## Dataset excerpts

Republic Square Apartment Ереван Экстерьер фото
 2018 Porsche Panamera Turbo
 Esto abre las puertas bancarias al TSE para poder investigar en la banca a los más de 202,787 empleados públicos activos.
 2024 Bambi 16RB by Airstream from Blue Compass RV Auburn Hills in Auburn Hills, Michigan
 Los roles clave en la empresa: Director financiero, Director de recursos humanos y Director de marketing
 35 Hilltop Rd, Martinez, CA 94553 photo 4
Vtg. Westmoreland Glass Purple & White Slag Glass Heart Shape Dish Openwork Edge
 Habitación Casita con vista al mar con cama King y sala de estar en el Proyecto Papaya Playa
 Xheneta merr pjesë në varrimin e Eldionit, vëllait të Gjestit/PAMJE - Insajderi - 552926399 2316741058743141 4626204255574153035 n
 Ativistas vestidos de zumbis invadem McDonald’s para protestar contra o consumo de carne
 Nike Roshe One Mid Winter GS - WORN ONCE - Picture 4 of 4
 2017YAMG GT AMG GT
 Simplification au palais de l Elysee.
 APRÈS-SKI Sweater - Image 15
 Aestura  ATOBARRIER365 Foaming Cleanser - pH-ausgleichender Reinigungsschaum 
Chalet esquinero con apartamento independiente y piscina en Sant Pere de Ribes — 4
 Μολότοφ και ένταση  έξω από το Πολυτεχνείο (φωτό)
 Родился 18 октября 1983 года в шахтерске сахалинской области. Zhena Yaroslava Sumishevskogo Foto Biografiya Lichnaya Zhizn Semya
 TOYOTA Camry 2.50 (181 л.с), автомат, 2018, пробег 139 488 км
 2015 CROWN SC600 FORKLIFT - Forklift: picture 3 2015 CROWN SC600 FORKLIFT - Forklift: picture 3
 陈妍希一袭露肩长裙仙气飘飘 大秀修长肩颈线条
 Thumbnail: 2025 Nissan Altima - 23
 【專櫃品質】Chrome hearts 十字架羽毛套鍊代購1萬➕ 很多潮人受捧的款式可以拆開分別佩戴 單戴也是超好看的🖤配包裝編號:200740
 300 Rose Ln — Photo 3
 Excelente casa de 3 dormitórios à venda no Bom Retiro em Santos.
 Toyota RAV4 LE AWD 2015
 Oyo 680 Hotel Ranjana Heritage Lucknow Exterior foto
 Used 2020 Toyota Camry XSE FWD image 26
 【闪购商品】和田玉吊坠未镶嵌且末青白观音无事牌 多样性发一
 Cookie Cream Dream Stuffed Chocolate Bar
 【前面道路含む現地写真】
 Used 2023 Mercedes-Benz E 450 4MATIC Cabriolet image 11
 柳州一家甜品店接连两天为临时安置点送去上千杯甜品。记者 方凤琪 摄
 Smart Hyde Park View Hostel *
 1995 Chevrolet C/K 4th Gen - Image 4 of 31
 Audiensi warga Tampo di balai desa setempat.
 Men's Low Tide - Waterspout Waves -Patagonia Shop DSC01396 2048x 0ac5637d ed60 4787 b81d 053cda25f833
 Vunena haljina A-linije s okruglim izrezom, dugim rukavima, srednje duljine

## What is required
Once you find the line with "Cookie Cream Dream Stuffed Chocolate Bar" above, print it and every line after it up to and including the line with "Audiensi warga Tampo di balai desa setempat.", exactly as written and nothing else.

## Exercise response
 Cookie Cream Dream Stuffed Chocolate Bar
 【前面道路含む現地写真】
 Used 2023 Mercedes-Benz E 450 4MATIC Cabriolet image 11
 柳州一家甜品店接连两天为临时安置点送去上千杯甜品。记者 方凤琪 摄
 Smart Hyde Park View Hostel *
 1995 Chevrolet C/K 4th Gen - Image 4 of 31
 Audiensi warga Tampo di balai desa setempat.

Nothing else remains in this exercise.